Yes... You've done yours, I've done mine.
And the graphs of our outcomes will go EVERYWHERE along their own trajectories.
Therefore, your assertion that "There is only one trajectory" is untrue.
Your words unambiguously mean that (!) the probability of getting heads on the 101st roll is MORE than 50%, if there were 60 heads and 40 tails in the previous 100 rolls (for example).
But this is at variance with the generally accepted view that ON ANY shot in the series (!) heads and tails are EQUALLY likely to fall out, since the results of the previous shots do not affect any of the subsequent ones.
Where exactly did you see this ambiguity?
Yes... You did yours, I did mine.
And the graphs of our outcomes will go EVERYWHERE along their own trajectories.
Therefore, your assertion that "There is only one trajectory" is untrue.
Eventually with an infinite number of throws, yours will go to zero and mine will go to zero.

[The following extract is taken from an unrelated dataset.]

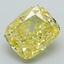 5.01 Ct. Fancy Vivid Yellow Cushion Lab Grown Diamond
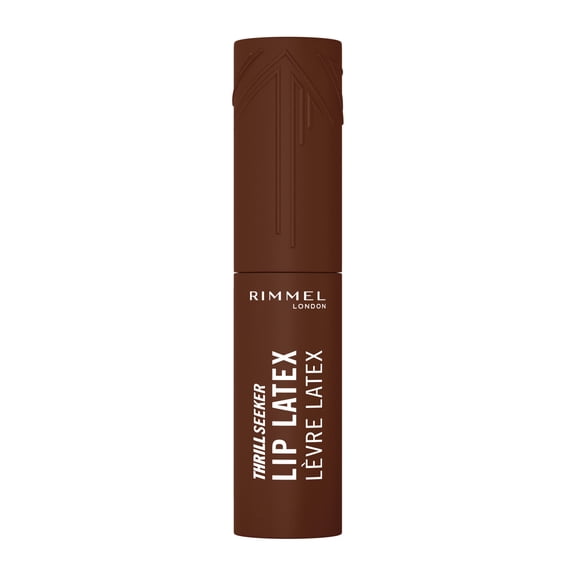 Rimmel London Thrill Seeker Lip Latex, rouge à lèvres liquide, couleur intense, à l'aloe vera, à l'acide hyaluronique et à la vitamine E, formule vegan, 6 ml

One coin has one trajectory. Two coins - two trajectories - each one has its own trajectory. It would be foolish to think anyone would claim otherwise. In any case, with an infinite number of tosses, the trajectory from each coin will go to zero.
Here is a list of papers (5087 pieces) which try to get the residual from the model (model fitting error) to represent a random walk.

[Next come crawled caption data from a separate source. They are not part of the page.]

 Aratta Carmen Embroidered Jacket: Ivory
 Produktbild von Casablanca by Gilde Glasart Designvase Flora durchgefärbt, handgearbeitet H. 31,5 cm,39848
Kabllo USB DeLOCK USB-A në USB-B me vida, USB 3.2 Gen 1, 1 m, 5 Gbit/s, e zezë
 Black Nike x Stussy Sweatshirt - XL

5087 papers matched the search for GARCH, GJR-GARCH, EGARCH, in titles and keywords.
Where exactly did you see this ambiguity?
I said"unambiguous."
Eventually, with an infinite number of flips, yours will go to zero and mine will go to zero.
One coin has one trajectory. Two coins - two trajectories - each has its own trajectory. It would be foolish to think anyone would claim otherwise. In any case, with an infinite number of flips, the trajectory from each coin will go to zero.
Not necessarily, for I have exactly the same right to hit the "2 down, 1 up..." trajectory or the like as you do on a dangling around zero. They are equal probability.
Not necessarily, because I have exactly the same right to hit the "2 down, 1 up..." trajectory or the like as you do on a dangling around zero. They' re equal probability.
They are equally likely for a single coin on an infinity of a smaller order than the infinity of the total number of flips.
There is no way a coin can produce an infinite trajectory of +1 and -2.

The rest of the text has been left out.